Augmentation mammaire : à savoir

Cette chirurgie mammaire consiste à implanter des prothèses pour augmenter la taille du bonnet, corriger une asymétrie, ou corriger la forme après un allaitement difficile ou un amaigrissement important. Les implants sont placés à l’arrière du tissu mammaire pour améliorer sa plénitude et augmenter le volume et ainsi arriver à la forme désirée.

Choisir ses implants

Votre chirurgien plastique sera à votre écoute lors des consultations préalables à l’intervention. Le choix des implants est très subjectif, il faudra prendre en compte plusieurs aspects comme, votre taille et poids, tour de poitrine etc… Vous pouvez essayer les prothèses pour avoir une bonne représentation visuelle et aussi à la clinique de chirurgie esthétique à Marseille, vous pourrez avoir recours à une simulation très réaliste du résultat en 3D.

Les types d’implants

Les implants ne varient pas seulement en taille, les implants ronds (anatomiques) peuvent avoir des finitions différentes. La prothèse enveloppée de silicone est aujourd’hui la prothèse la plus utilisée dans le monde, en raison de sa durabilité. Aussi, en cas de rupture de la prothèse (qui est vraiment rarissime), le gel ne risque pas de couler ou de se répandre dans le corps.

Le choix des cicatrices

Il existe trois types de cicatrices. Le choix entre les 3 est possible si la forme du sein est normale et l’aréole en bonne position :

  •  Sous mammaire (dans le sillon situé sous le sein), intéressante si le sein est un peu tombant.
  • Hémi aréolaire inférieure, impossible si l’aréole est trop petite ou axillaire (dans la zone pileuse).
  • Si le sein est ptôsé (tombant), il faudra parfois accepter une cicatrice plus importante car la simple mise en place de la prothèse ne permet généralement pas de retendre l’excès de peau: il faudra éventuellement associer une plastie mammaire (voir chapitre ptose mammaire).

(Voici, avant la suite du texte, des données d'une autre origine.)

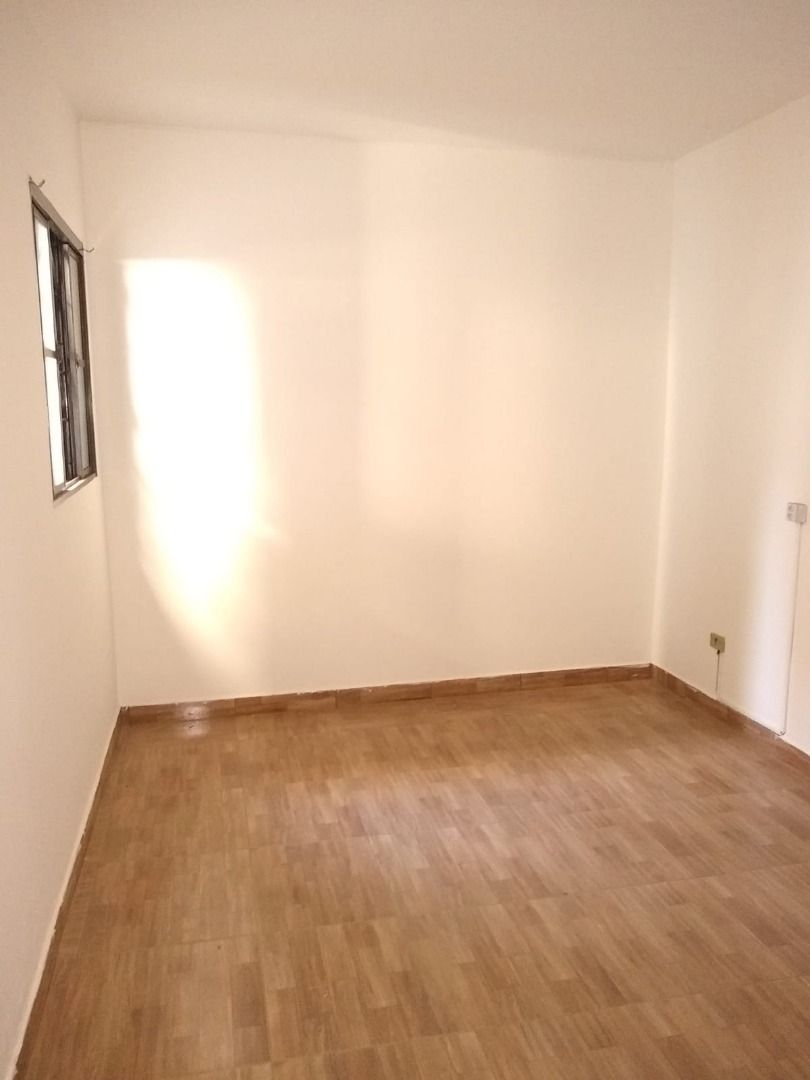 Casa para alugar com 3 quartos, 100m² - Foto 16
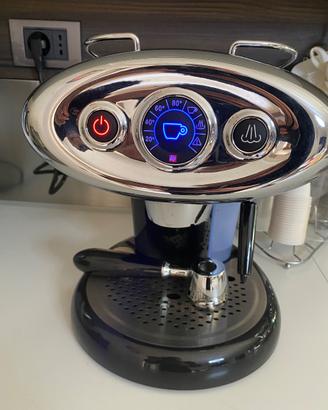 Macchinetta Illy 60 euro. Mokona 40 euro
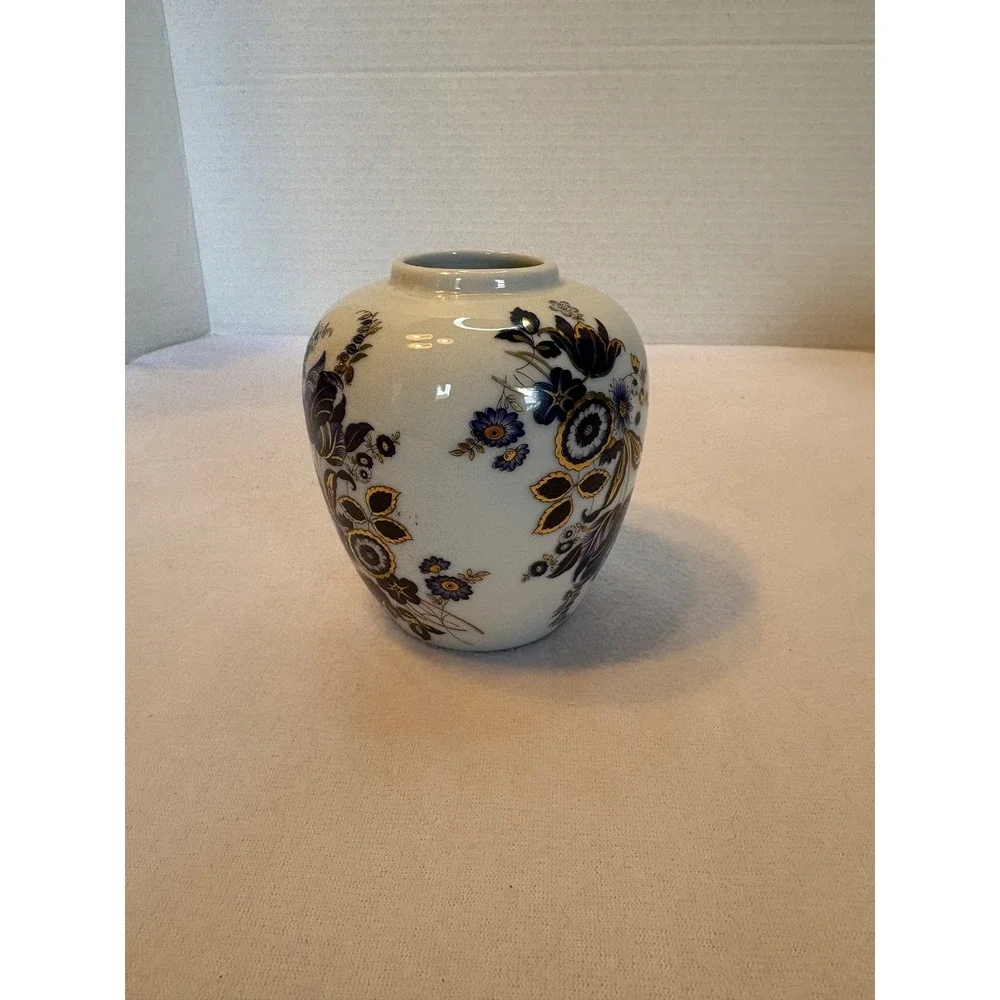 Zsolnay Hungary Porcelain Vase Cobalt Blue Gold Floral La‎ Belle Marre 1983 4.5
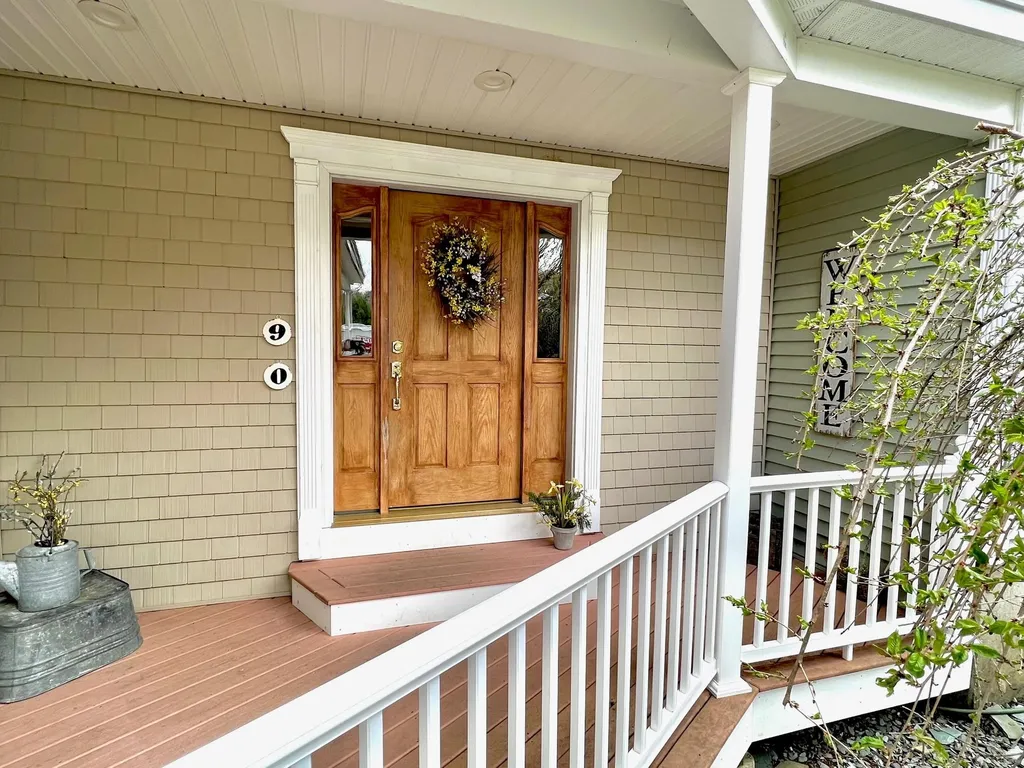90 Beaver Pond Road Weare NH 03281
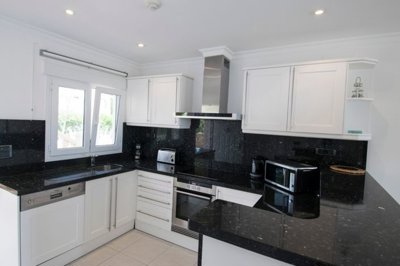 fb6abb3e3c76ffbed6a099480afcb720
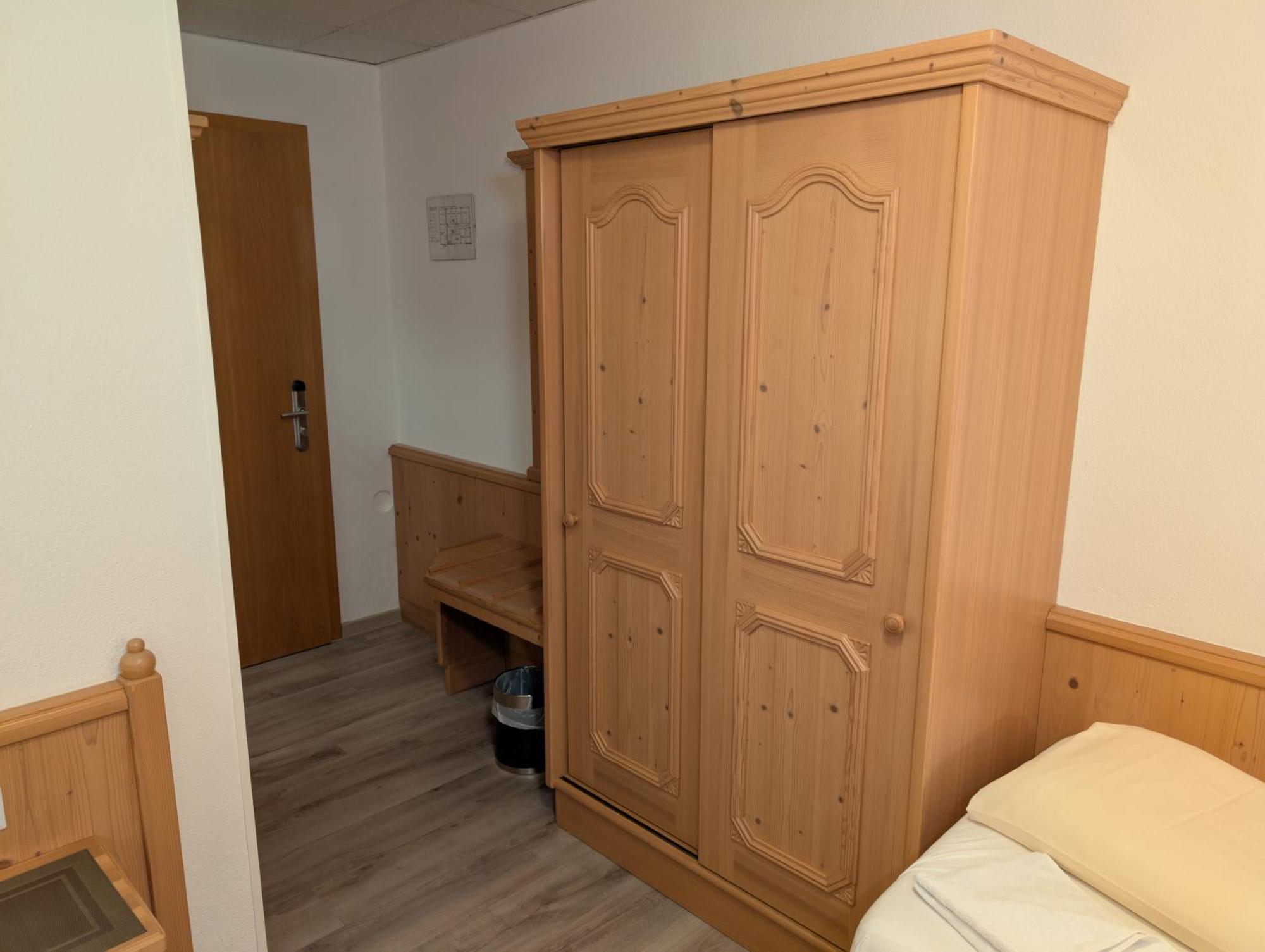 Hotel-Gasthof Zur Rose Weißenhorn Kamer foto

Position des prothèses mammaires

Dépendant du résultat souhaité et de la prothèse elle-même, il existe plusieurs positions pour implanter les prothèses :

  • Rétroglandulaire : les prothèses sont situées directement derrière la glande et sous la peau.
  • Rétromusculaire : les prothèses sont situées plus profondément, en arrière du muscle grand pectoral: plus douloureux mais donnant un aspect plus naturel.
  • Une nouvelle technique dite du « double plan » (dual plane) qui consiste à mettre la partie haute de la prothèse derrière le muscle et la partie basse derrière la glande est intéressante dans certains cas (ptose associée).